独立後に1,2名のスタッフとともにつくり出した建築は400に上るが、職員時代とは異なり、ジャーナリズムに喧伝される建築デザインとは一線を画したという。興味深いのは、地方都市での独立によって松村はデザインに対してニヒリズムに陥っていたのではないかと論破していることだ。同時に独立後の言葉や書かれた文書には建築家と社会に対しての厳しい批評で倫理観に満ちていると指摘している。
問題の根は深い。
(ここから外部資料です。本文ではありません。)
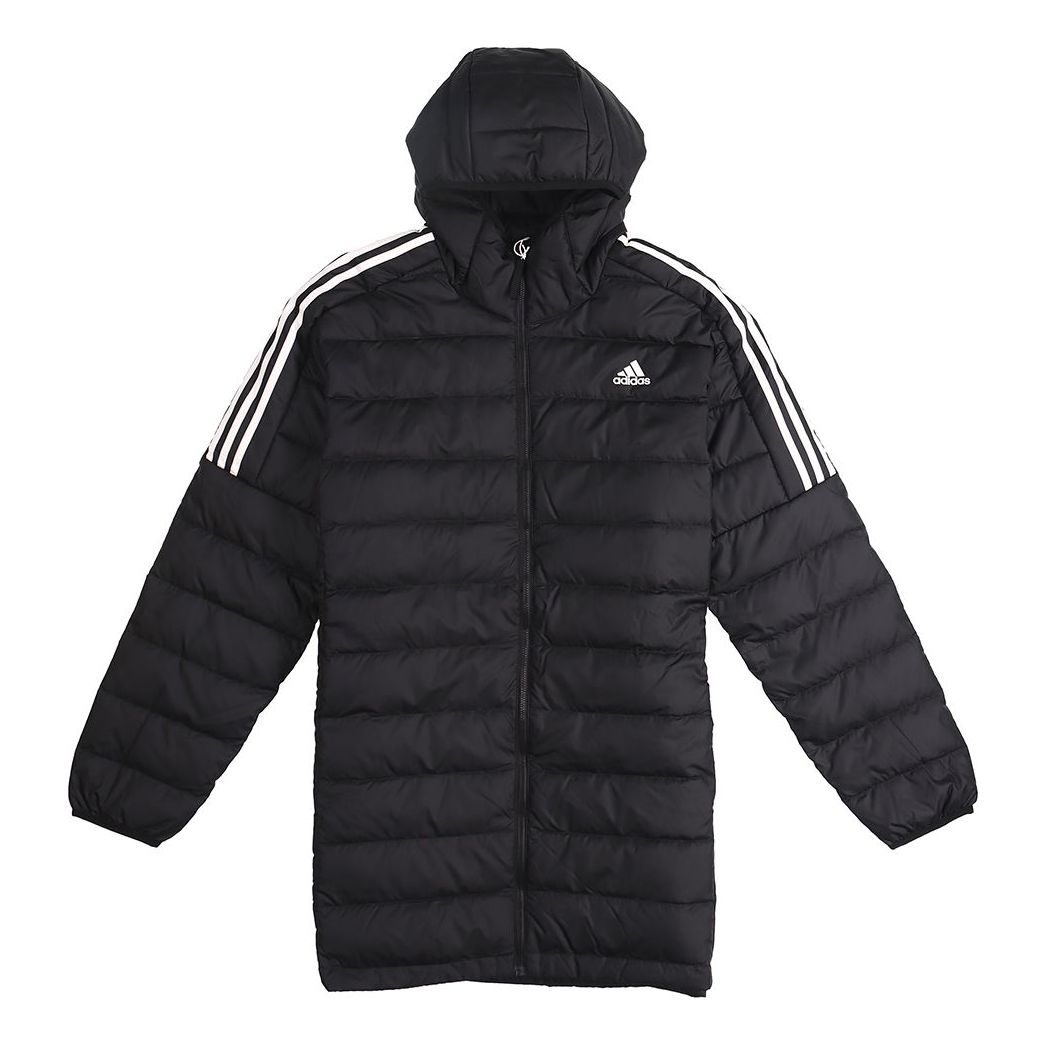 adidas Logo Print Casual Cap Sports Down Jacket Men's Black GH4604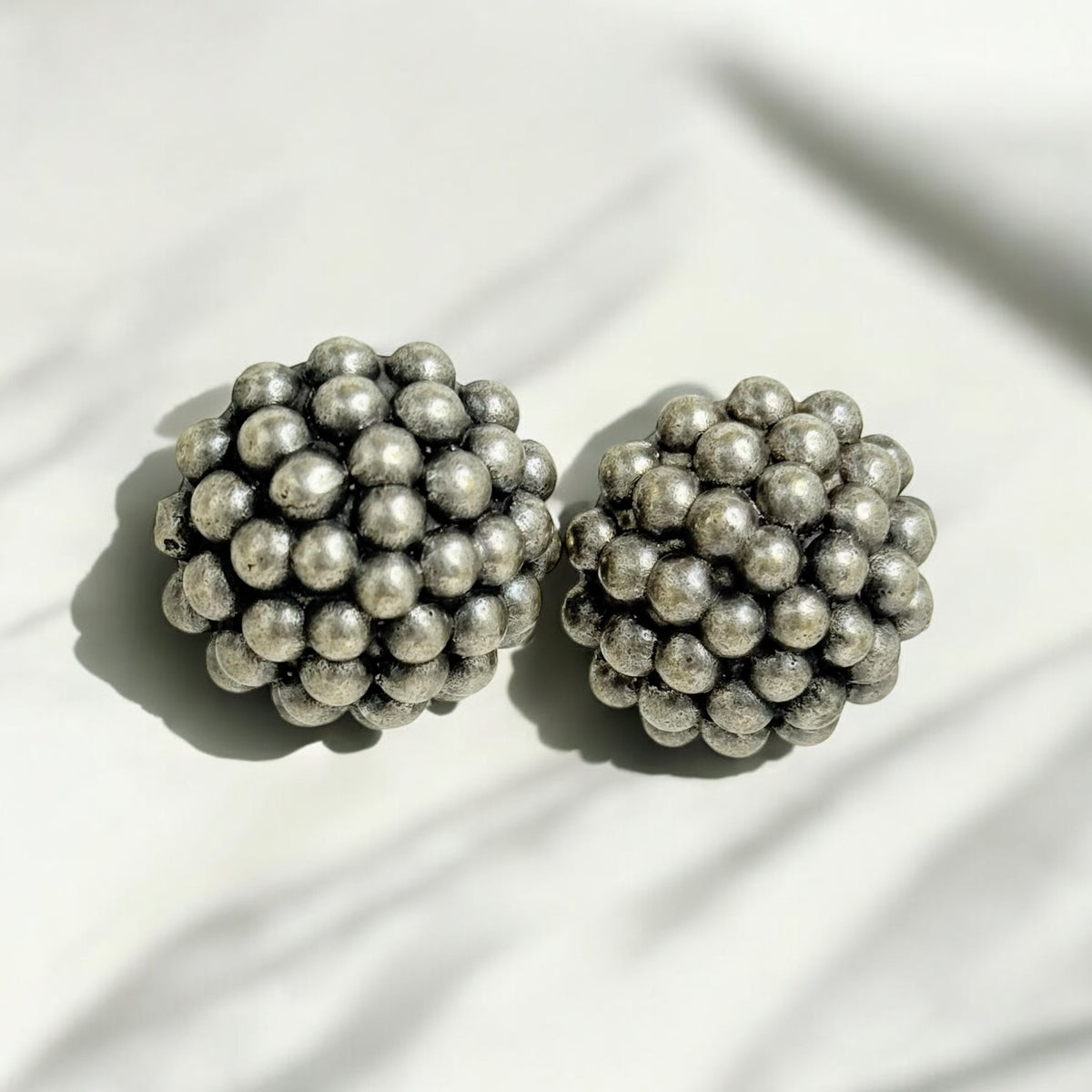 Aarohi Stud - MANKAA Silver Earrings
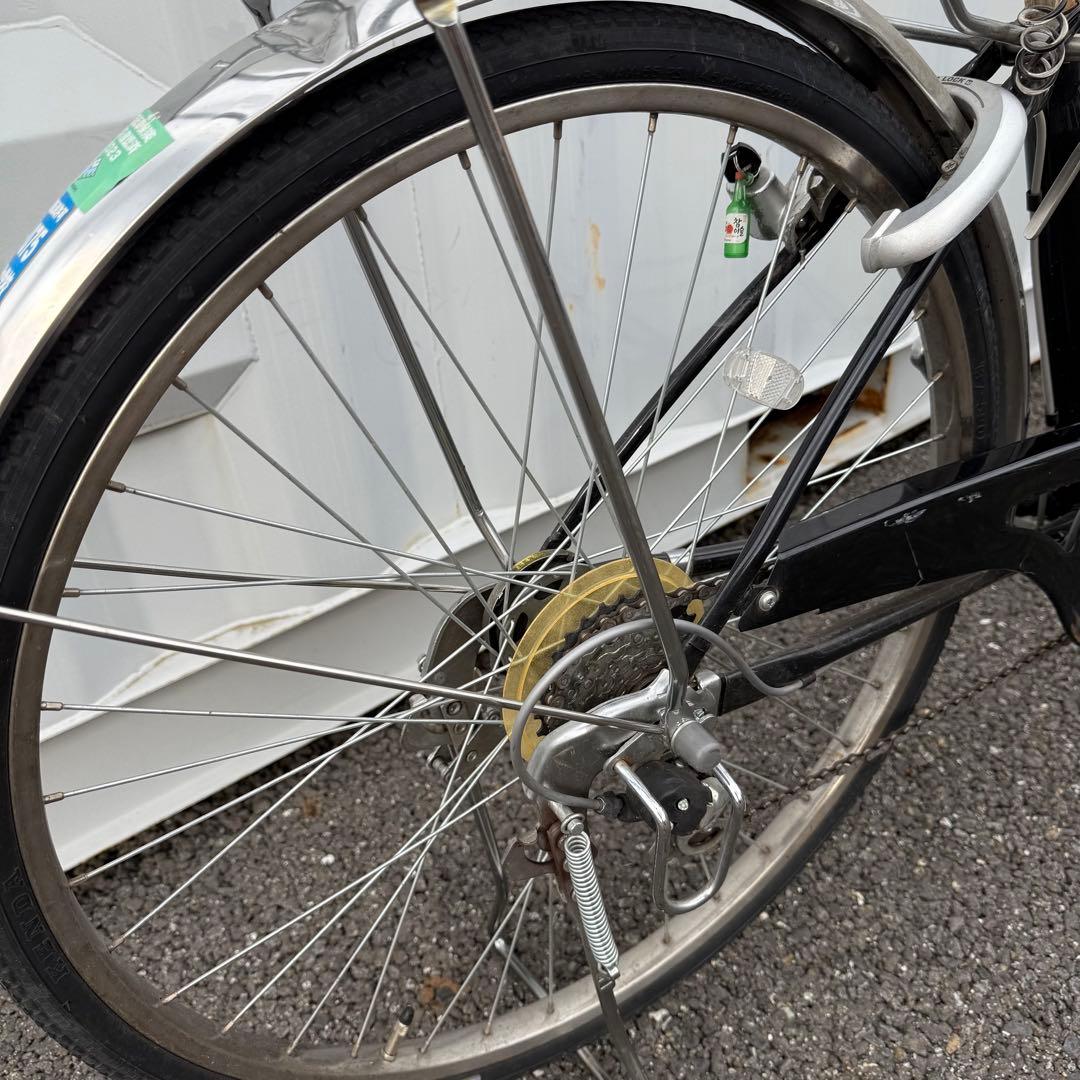 kokolate　自転車 26インチ カゴ/鍵/オートライト/6段変速付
それは正しく現在の僕たちが直面している課題でもあるからだ。

改修工事の資料集は、日本建築学会四国支部「日土小学校特別委員会」と鈴木博之東京大学名誉教授を委員長とした「八幡浜市立日土小学校再生検討委員会」(八幡浜市教育委員会)の貴重な記録集である。
見学会の後行われたシンポジウムでその様が克明に披露されたが、中心となった曲田清維愛媛大学教授や、改修の実施設計を担当した建築家和田耕一さんなどパネリスト全員の話しが、綿々たる思いに充ちていて面白かった。解体・建て替え問題が取りざたされてから竣工までに足掛け6年も掛かったのだから。
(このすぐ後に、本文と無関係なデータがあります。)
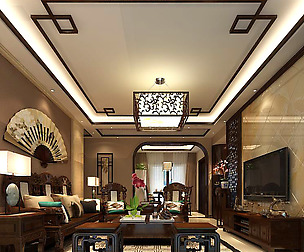 Stylish family living room design 16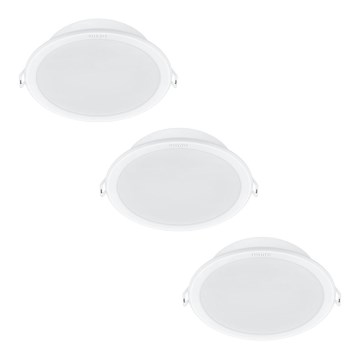 Philips - LOT 3x Spot encastrable LED LED/5,5W/230V
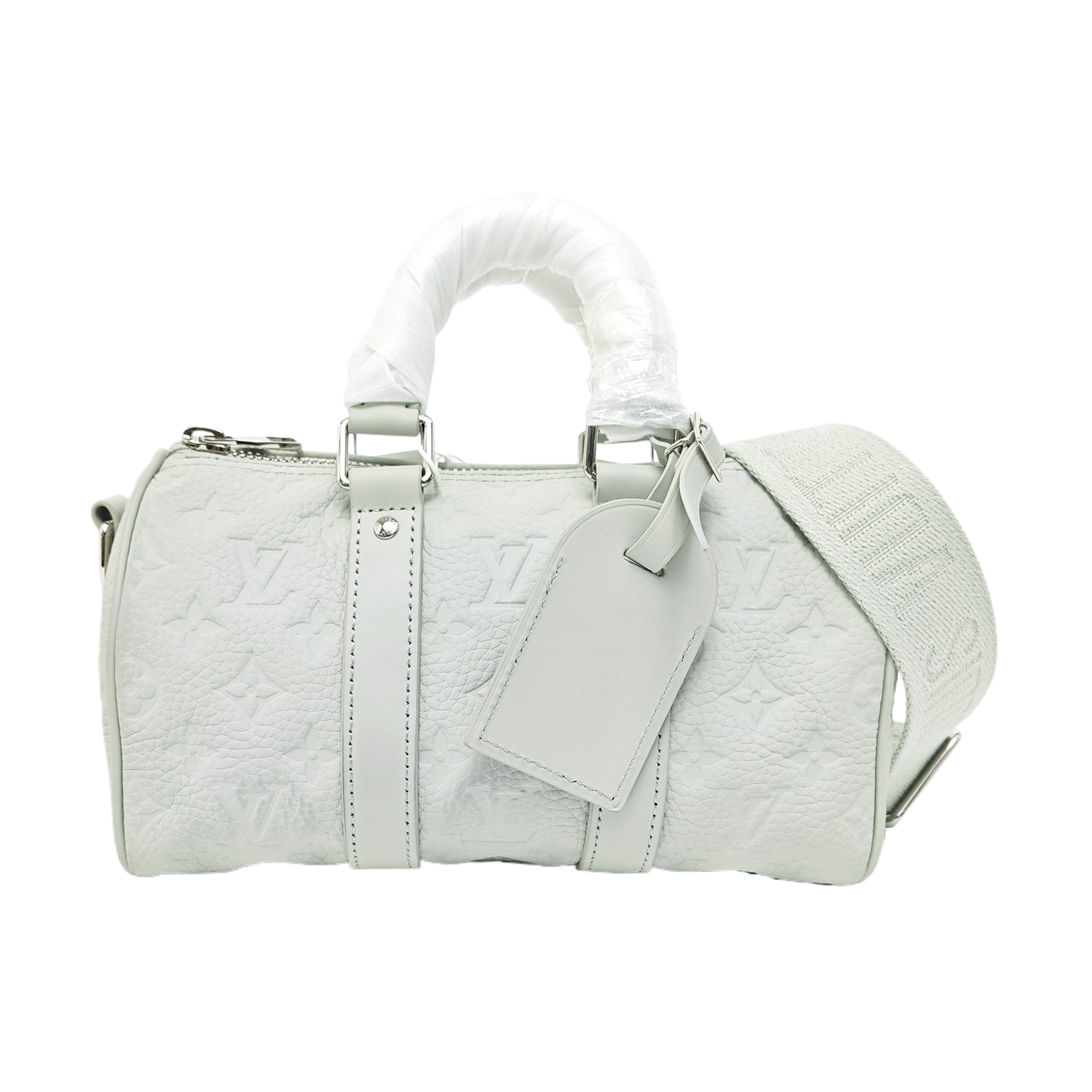 KEEPALL Monogram Calfskin Green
このプロジェクトは「中校舎」(1956年・昭和31年)「東校舎」(1958・昭和33年)を、将来の重要文化財指定に対応できるよう文化庁の指導も得ながらオーセンティシテイを検証して耐震改修を行なった。
更にこれからの小学校教育に対応できるよう一部の間取りを改変し、「西校舎」を地元で採れる樹木を集成材にして使用し、既存校舎のイメージを設計担当した建築家武智和臣の今の時代感覚で汲み取って新設している。
その解釈には是非もあるだろうが違和感はさほどなく、四国の建築家の力量が提示された。子供たちや教師がどう受け止めるか、既存改修棟と併せて興味が尽きない。

日土小学校の保存・改修は、六本木の「国際文化会館」と並んで、日本のモダニズム建築存続の屈指の好例として、経緯をそこで見えてきた課題とともに次代に引き継がれることになるだろう。このことをシンポジウムの終わった後、八幡浜のJAZZ BAR「ロン」で、鈴木博之さんとビールを飲み、いい気持ちになってジョン・コルトレーンを堪能しながら語り合った事でもある。
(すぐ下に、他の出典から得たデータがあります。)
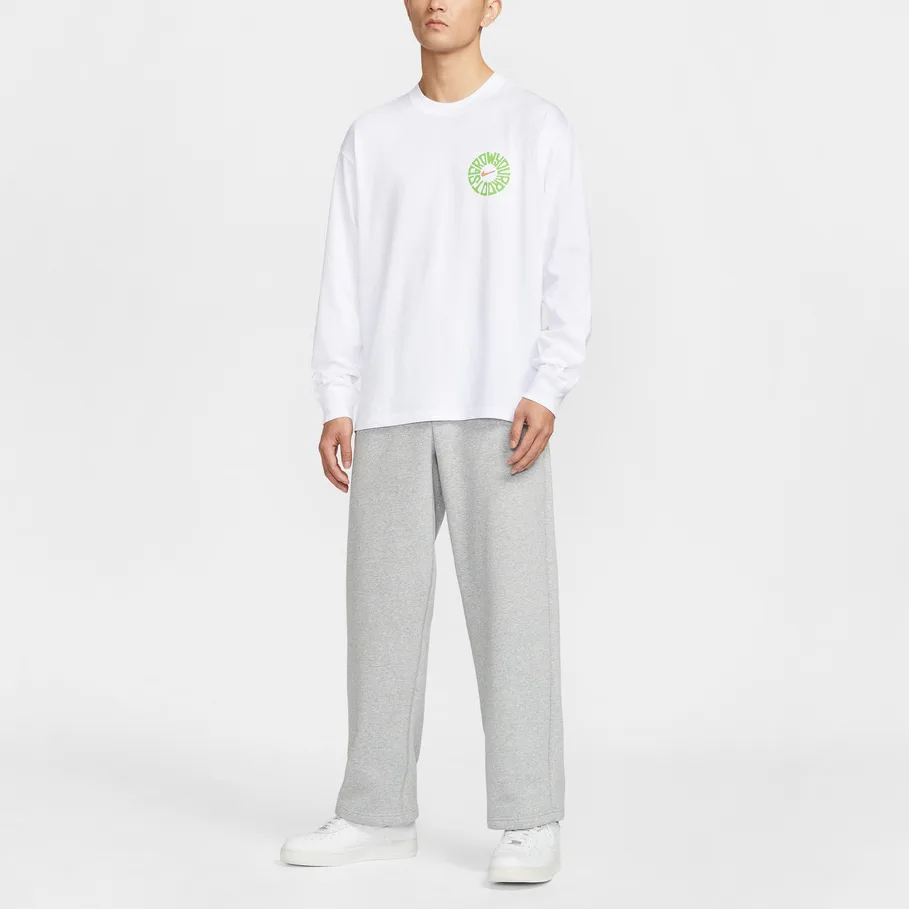 Nike Футболка мужская белая с круглым вырезом — фото 3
シンポジウム時に、鈴木博之教授(DOCOMOMO Japan代表)から大城市長にDOCOMOMO選定プレートが贈呈された。この校舎が1999年にDOCOMOMO20選に選定されたのが、保存に於いてもオーセンティシティ(原初性)を大切にして文化庁の監修を受け得たことの大きな力になったからだ。

シンポジウムでも、その後行われた懇親会でも触れられなかったが、建て替え話しが出たのは日土小PTAつまり保護者からだった。そこにはコンクリート神話と保存を望んだ学区外の市民との微妙なやり取りが重なり、さらに日本の各地で子供の安全性問題が多発した時代背景もあったことを思い起こす。
建築学会やDOCOMOMOからの保存要望書提出がなされることになり、僕は建築学会のDOCOMOMO対応WGの主査を担っていたこともあって理事会で説明をして提出了解を採るなどささやかな役割を果たしたので、その経緯の概要は知っている。

また課題の一つはこういうプロジェクトであっても浮上する設計入札問題だ。これらの経緯を今伝えることに逡巡するのは、この校舎が子供たちの保護者たちに新鮮な刺激を与えて受け入れられると信じているからだ。
同時に心穏やかでないのは、同時期に建てられた日土小にまさるとも劣らぬ八幡浜駅の近くに建っていた松村の「江戸岡小学校」が苦もなく壊されたことだ。
その階段室とそれに連なる廊下の開放的な得もいえない空間が目の前に蘇るのだ。